Certo dia, sob ameaça de apanhar por não ter cumprido uma tarefa para sua tia, Albertina fugiu para a casa de uma vizinha, onde permaneceu por alguns dias. Na volta, um episódio que lembra com muita tristeza marcou sua vida para sempre: por acaso, ela conta ter cruzado com seu namorado no caminho. Sua tia viu os dois juntos e concluiu que a sobrinha teria passado os dias fora na companhia dele.
– Eu devia ter uns 14 anos. A gente namorava de longe,não era como os namoros de hoje em dia.
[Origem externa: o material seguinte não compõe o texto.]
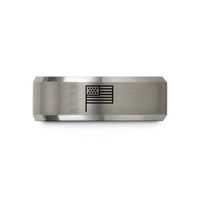 stylish rings for men – black & silver tungsten usa flag wedding band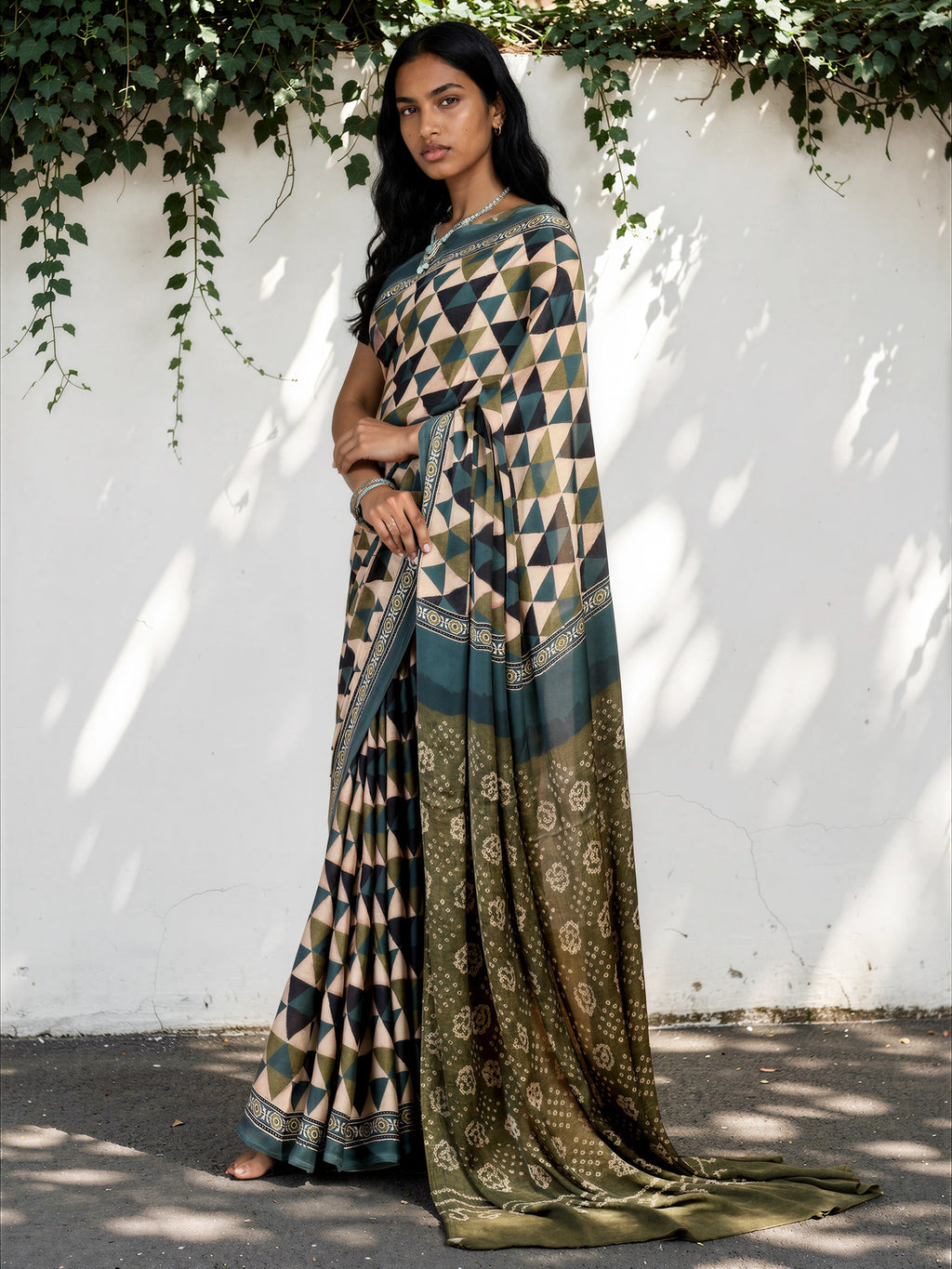 Teal Blue Ethnic Motif Satin Georgette Saree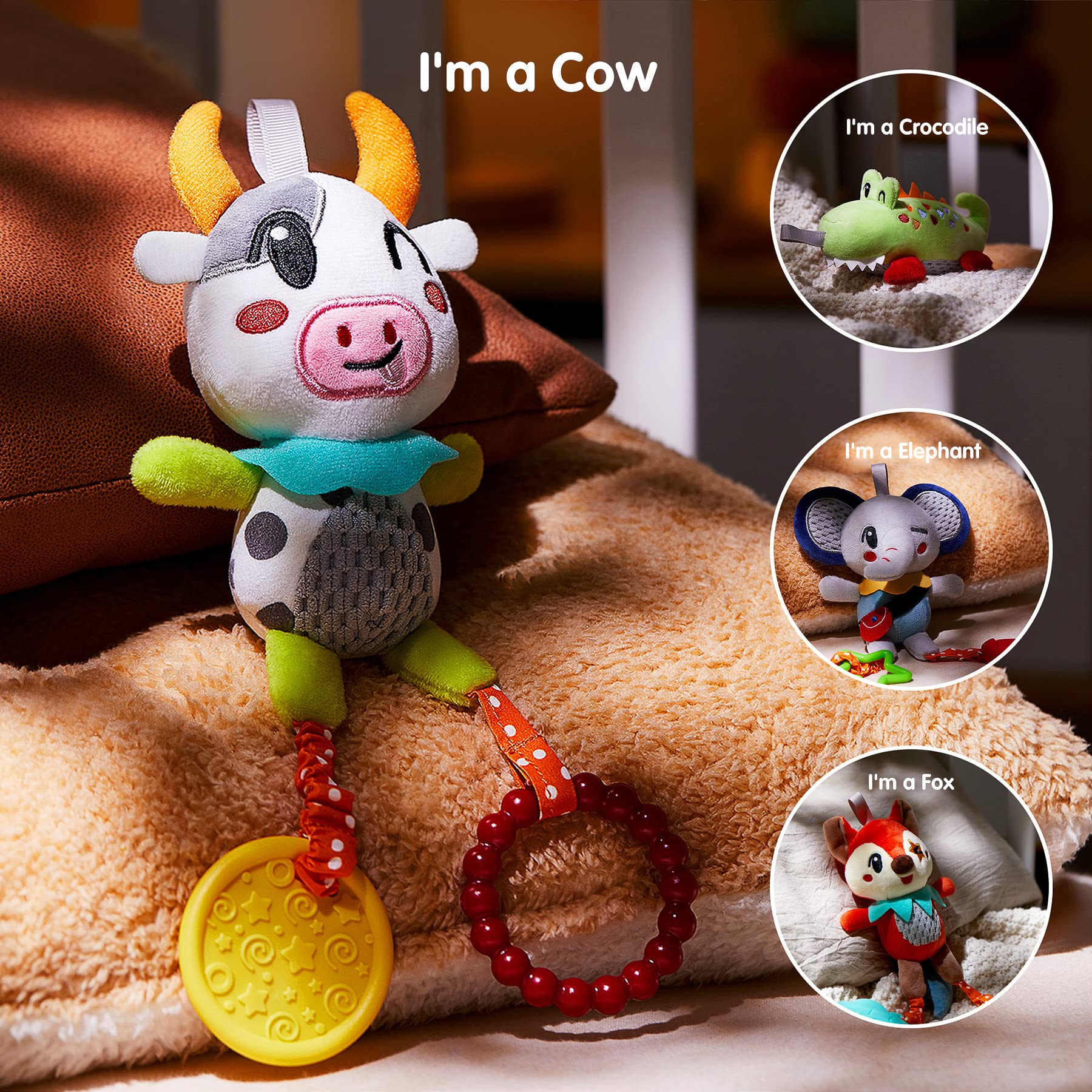 TUMAMA 4 Pack Baby Toys for 0 3 6 9 12 Months, Hanging Crib Toys for Newborn Infant Development, Car Seat Stroller Soft Plush Rattles Toy for Babies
Encontrei ele sem querer e acabaram nos obrigando a casar.
O primeiro dia na casa da sogra, o nascimento da primeira filha, que ocorreu logo em seguida, e o dia em que Albertina decidiu ir embora, sozinha, a pé, são alguns dos momentos que ela também relata com detalhes e com tristeza.Batizada com o nome de Nascimenta, a primogênita nunca mais foi vista pela mãe.
Foi só na década de 1970, quando já tinha mais de 60 anos, que Albertina, seu terceiro marido e os três filhos do segundo casamento – à época com 17, 13 e 11 anos – mudaram-se para Caxias, estabelecendo-se onde ela reside até hoje, somando atualmente seis netos e sete bisnetos. No Cartório de Registros Civis – 1ª Zona da cidade consta a oficialização do nascimento de Albertina,feita por ela mesma no dia 23 de abril de 1974. O registro tardio era comum, sobretudo entre moradores de áreas rurais da região. Na certidão emitida foi registrado o nascimento que teria ocorrido às 14h do dia 9 de novembro de 1909.
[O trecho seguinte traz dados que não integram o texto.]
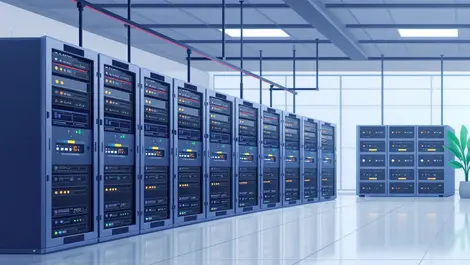 Modern data center multiple server racks clean professional tiered services realistic neutral tones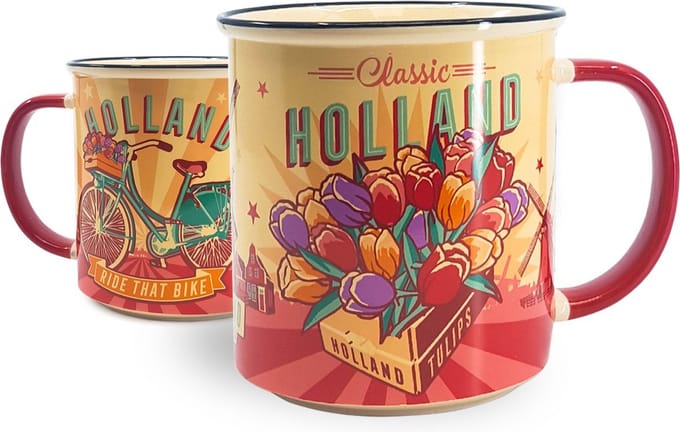 Vintage beker Holland tulpen en fiets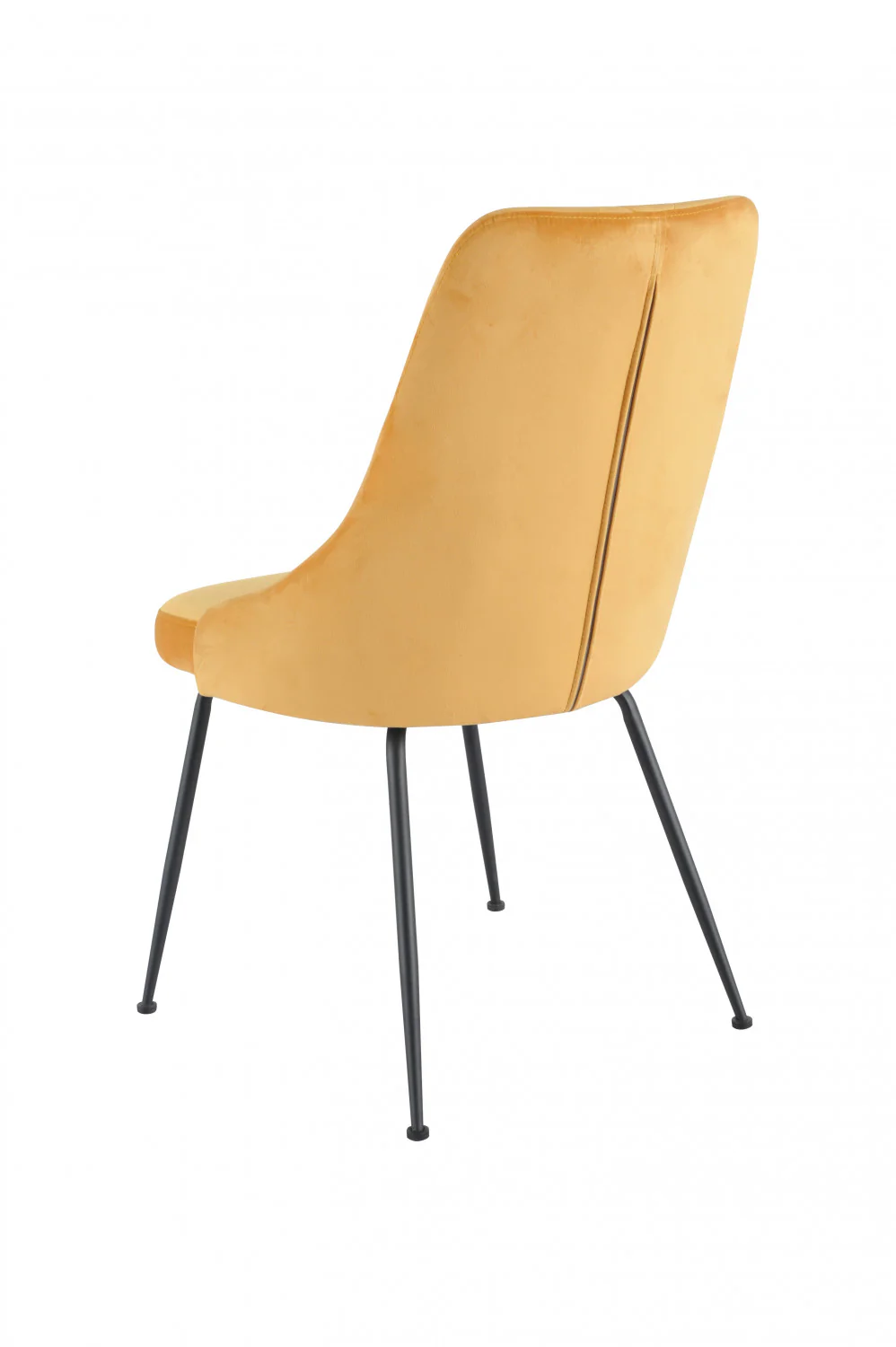 Peacock Velvet Dining Chair - Mustard Yellow/Black - Set of Two - Image 5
Dos primeiros tempos na cidade, após anos de agricultura, ela recorda do trabalho pesado no corte de árvores e do grande fluxo de retirantes que deixavam a região conhecida como Boca da Serra rumo a Caxias do Sul.
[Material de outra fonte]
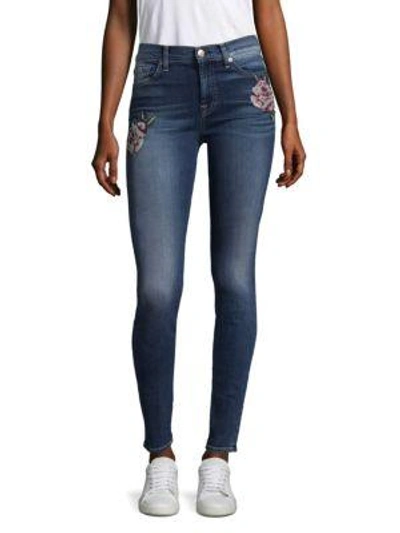7 For All Mankind Floral Needle Point Skinny Jeans In Liberty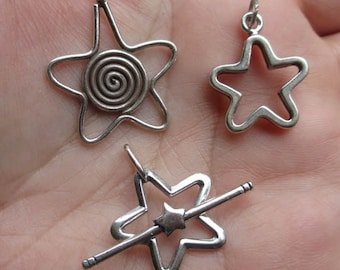 Sterling Silver Star Clasp,Spiral Star or Star Frame- You choose which one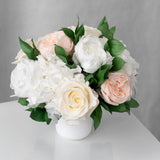 Preserved peach and white tropical flower arrangement for yachts 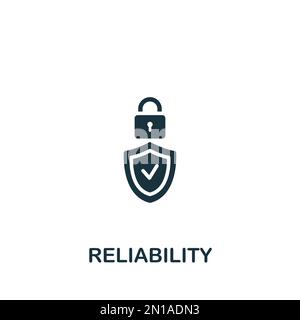 Icône fiabilité. Signe simple monochrome de la collection des valeurs fondamentales. Icône de fiabilité pour le logo, les modèles, la conception Web et les infographies. Illustration de Vecteur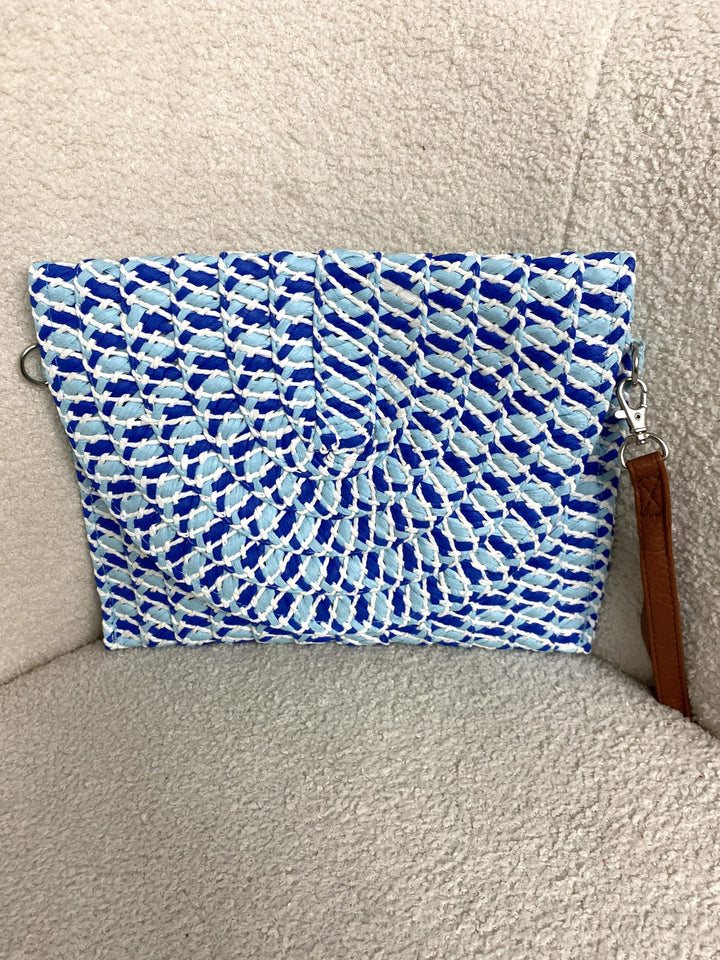 Blue Flecked Woven Straw Envelope Clutch Bag 8599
– A gente vinha e trazia tudo a pé: criação de gado,porco,ovelha. Viúva há 23 anos, Albertina lembra do casamento, com Ramon Antônio do Nascimento, que durou 28 anos.
Depois de tantos anos de sofrimento e trabalho, ao lado dele ela diz ter terminado de criar seus filhos e encontrado a felicidade a dois.
A vida em Caxias do Sul
Nascimento em 9 de novembro de 1909 está no registro anos, a idosa, que mora sozinha no porão da casa da filha e nunca ficou hospitalizada, adoeceu pela primeira vez. Foram alguns meses de incerteza que a fizeram pensar que seria o fim.
– Eu tinha muita febre,não comia, cheguei a ter uma visão em que saía do corpo e subia, com um vestido enorme – descreve.
Albertina acabou recobrando a saúde e pôde retomar sua rotina de costuras e novelas. Chegar aos 110 anos com um desconforto na perna esquerda, tomando apenas um medicamento para o coração e outro para afinar o sangue, não é para qualquer um.
Religiosa, ela também acredita na intercessão divina.
– Sempre pedi a Deus para ter bastante saúde, felicidade e vontade de trabalhar – explica.
No último ano, porém, ela diminuiu o ritmo: parou de cozinhar, está costurando menos a pedido da filha, mas não dispensa um dedo de prosa e também não deixa de pensar no futuro. Um dos compromissos já agendados é o casamento do neto, que ocorre em abril de 2020.